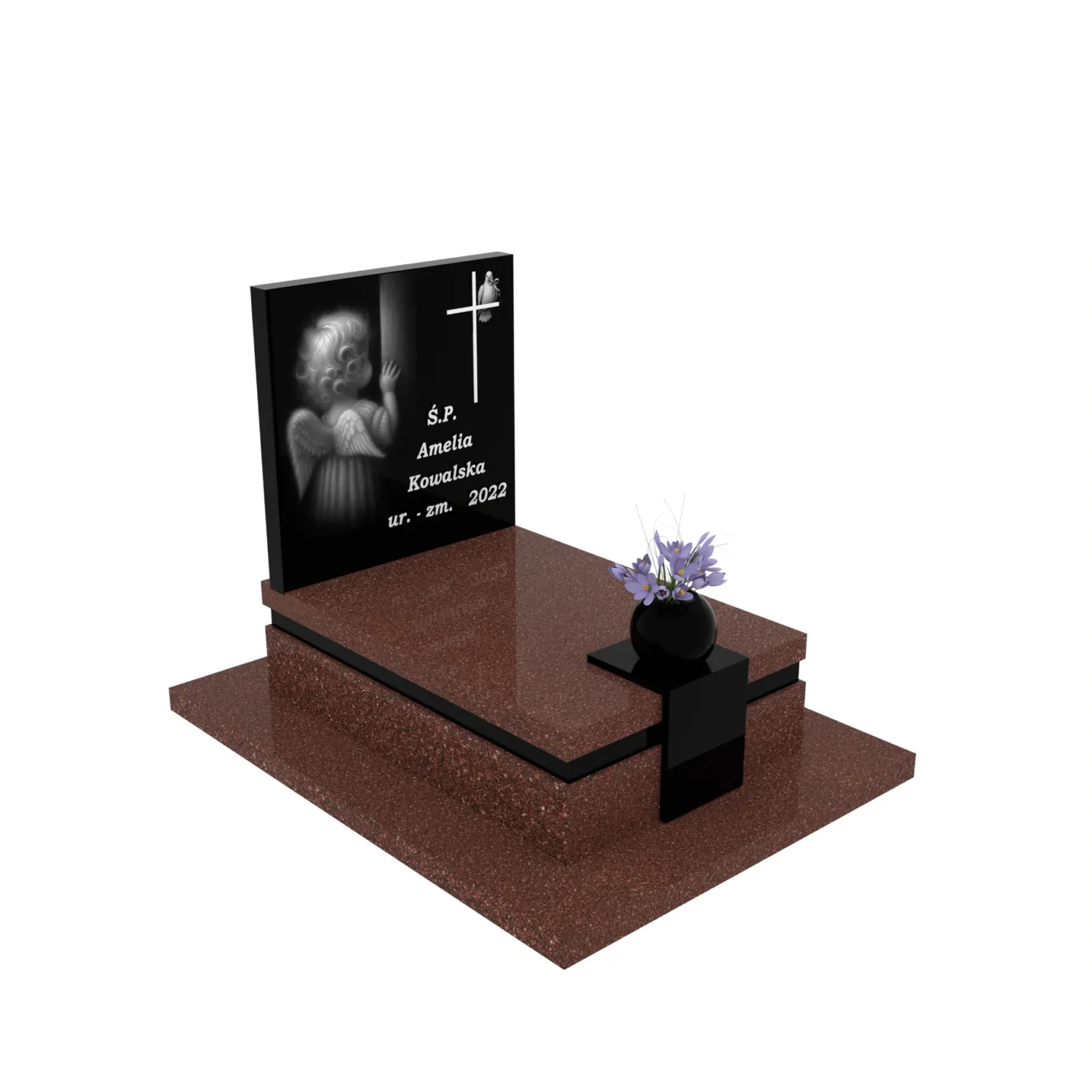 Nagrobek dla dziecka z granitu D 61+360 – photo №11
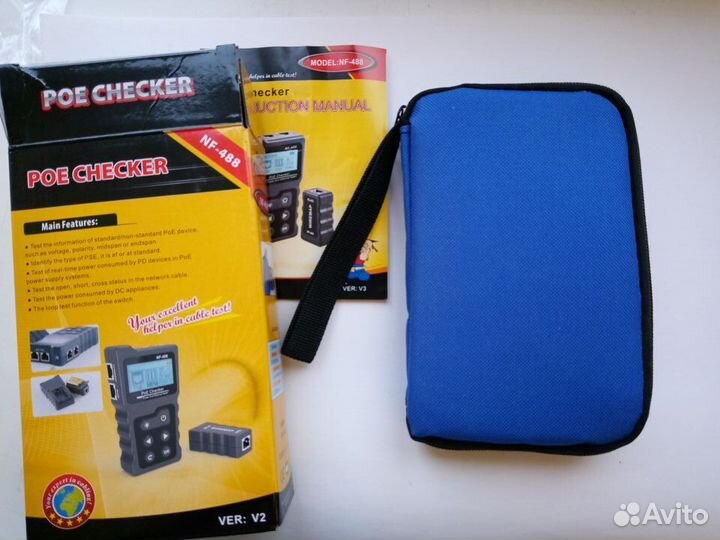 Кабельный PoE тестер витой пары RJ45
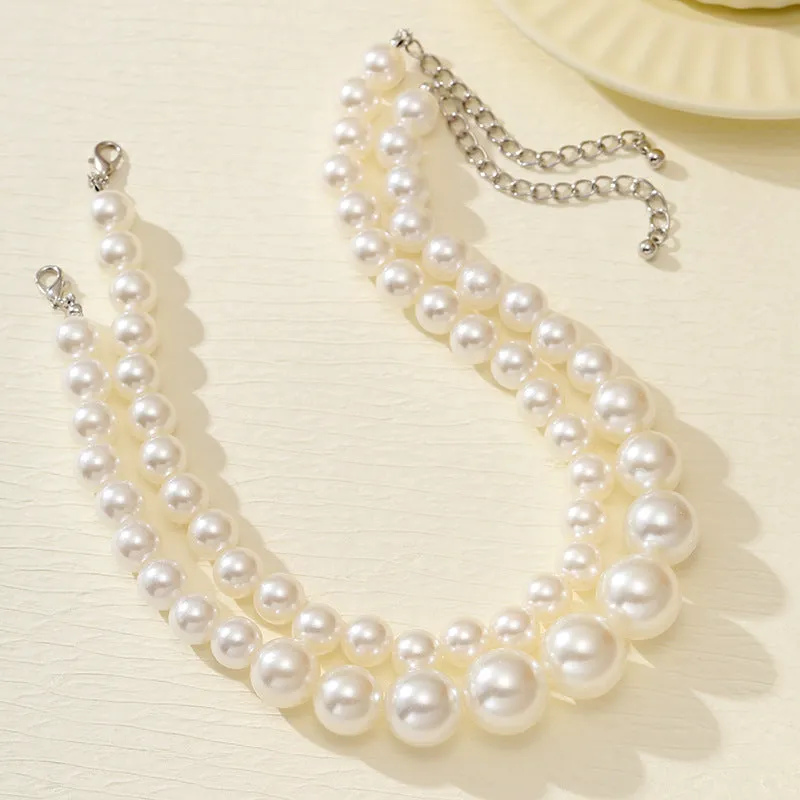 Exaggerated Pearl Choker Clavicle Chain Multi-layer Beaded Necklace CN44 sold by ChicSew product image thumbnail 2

━━━━━━━━━━━━━━━━━━━━━━━━━━━━━━

• [TASK DESCRIPTION]:
Since the listing holds pictures, return everything else in it exactly and omit those.

• [EXERCISE OUTPUT]:
 Nagrobek dla dziecka z granitu D 61+360 – photo №11
 Кабельный PoE тестер витой пары RJ45
 Exaggerated Pearl Choker Clavicle Chain Multi-layer Beaded Necklace CN44 sold by ChicSew product image thumbnail 2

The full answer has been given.